No one can definitively answer the initial question raised, we cannot know if we are on the cusp of becoming a society like Israel who must socially cope with the threat of public violence. I can tell you we are coming close; with our national threat color alert system, our airport, federal building, and courthouse security systems, our postal safety system, our police checkpoints, for example….all which could become so much more stringent, as we try to balance freedom and safety. And still somehow those individuals drenched in hate, confusion, and mental illnesses are capable of thwarting our systems and hurting the innocent.
There are some steps we can take now, while we are at the cusp. Of course we can beef up security, fund the agencies, and those with the proclivity to use their second amendment rights in a safe and responsible manner (child locks) are welcome to do so. We can also make some social changes, such as ‘minding other people business.’

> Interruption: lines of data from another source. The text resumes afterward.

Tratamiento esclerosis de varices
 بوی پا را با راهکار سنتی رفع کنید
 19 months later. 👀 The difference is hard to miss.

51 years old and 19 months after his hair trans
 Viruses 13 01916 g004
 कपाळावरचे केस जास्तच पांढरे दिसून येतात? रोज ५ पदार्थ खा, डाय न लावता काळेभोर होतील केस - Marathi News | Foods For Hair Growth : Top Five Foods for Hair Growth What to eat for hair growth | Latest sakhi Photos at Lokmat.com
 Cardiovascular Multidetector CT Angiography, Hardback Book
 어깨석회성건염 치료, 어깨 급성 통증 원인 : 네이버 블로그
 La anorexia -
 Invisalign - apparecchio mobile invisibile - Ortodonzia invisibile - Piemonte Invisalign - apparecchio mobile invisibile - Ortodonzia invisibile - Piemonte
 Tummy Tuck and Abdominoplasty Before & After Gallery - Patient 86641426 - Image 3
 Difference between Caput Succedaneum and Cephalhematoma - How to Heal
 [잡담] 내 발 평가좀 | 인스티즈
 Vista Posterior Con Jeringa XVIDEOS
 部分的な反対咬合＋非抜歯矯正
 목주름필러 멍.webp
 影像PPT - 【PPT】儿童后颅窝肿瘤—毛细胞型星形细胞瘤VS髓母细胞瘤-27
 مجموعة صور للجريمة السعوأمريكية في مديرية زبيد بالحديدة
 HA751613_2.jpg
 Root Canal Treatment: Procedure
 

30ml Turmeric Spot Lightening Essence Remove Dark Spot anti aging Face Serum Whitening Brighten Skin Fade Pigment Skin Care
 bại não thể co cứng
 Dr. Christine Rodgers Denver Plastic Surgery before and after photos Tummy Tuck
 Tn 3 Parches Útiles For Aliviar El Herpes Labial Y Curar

While that notion is rather un-American sounding, if we take responsibility for one another in a community way, we not only police our ‘bad guys,’ by notifying authorities of wackos, like Dr. Fenton did of the Aurora, CO shooter, but we also figure out who is slapping around their kids, who isn’t eating right, who’s neglecting their animals, and ask the police and town council how to help those who need it. We have de-funded social services in our nation by 20%, so social workers who used to be over-worked before are going to be non-existent. WE are going to have to actually pick up the slack in a neighborly way, so people DO NOT feel disenfranchised and marginalized and take their second amendment guns and do unspeakable acts mimicked from video games. This is one way America can be different than ‘over there’ where they have daily violence.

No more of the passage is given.